Entries supplied: Begin
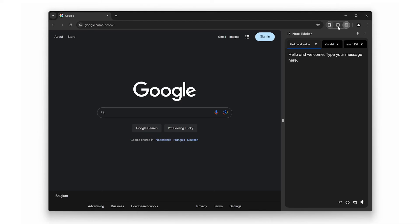Those are just the top three features of the Note Sidebar Browser Extension, but there is so much more. From rich text format support to seamless integration with your browsing experience, this tool is designed to make your life easier.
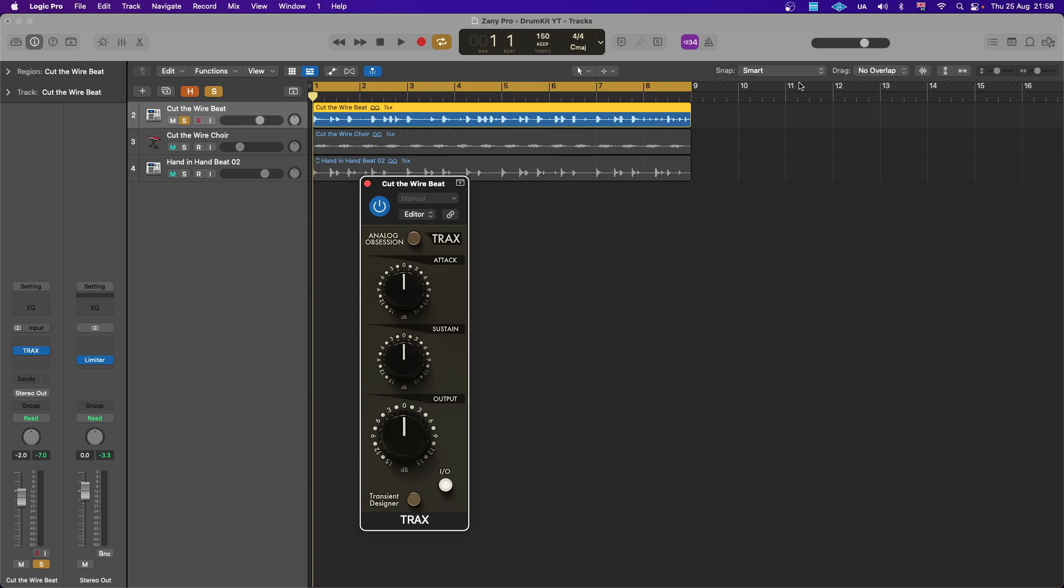Hello guys and welcome back to the channel. On today's video we'll be looking at this new plugin from Analog Obsession. This is a transient designer called Trax.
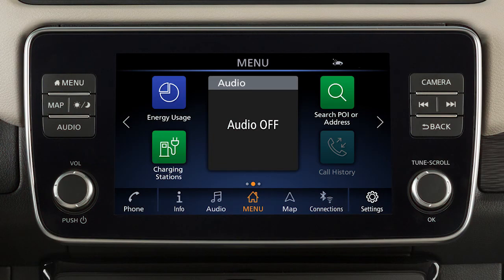You can use this touchscreen display and these control panel buttons to view information and adjust settings for various vehicle systems.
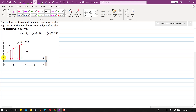We have this load distribution with the x and y axes defined and the origin here. The distributed force intensity is a function of x, and it varies along the x-axis. The distributed load acts from x equals 0 to x equals b. We need to find the reaction forces and moment at this support.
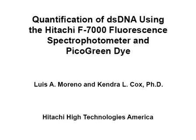The overall goal of this procedure is to demonstrate the capability of the F7000 fluorescent spectrophotometer with microplate reader to perform double stranded DNA quantification using picogreen dye.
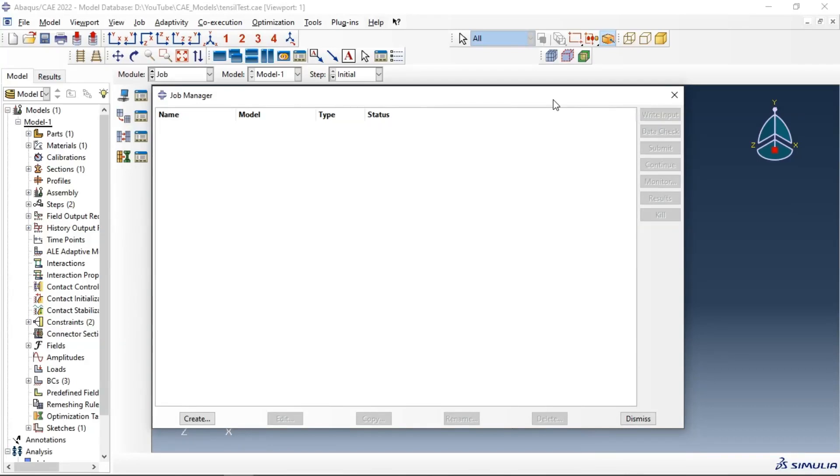Hi everyone, in this video tutorial we will learn how to use input file in Abaqus.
Entries supplied: End
** What this task involves **
Copy nothing but the lines from the start of the entries through the line with "You can use". Write them out exactly, without pictures.

** Result **
Those are just the top three features of the Note Sidebar Browser Extension, but there is so much more. From rich text format support to seamless integration with your browsing experience, this tool is designed to make your life easier.
Hello guys and welcome back to the channel. On today's video we'll be looking at this new plugin from Analog Obsession. This is a transient designer called Trax.
You can use this touchscreen display and these control panel buttons to view information and adjust settings for various vehicle systems.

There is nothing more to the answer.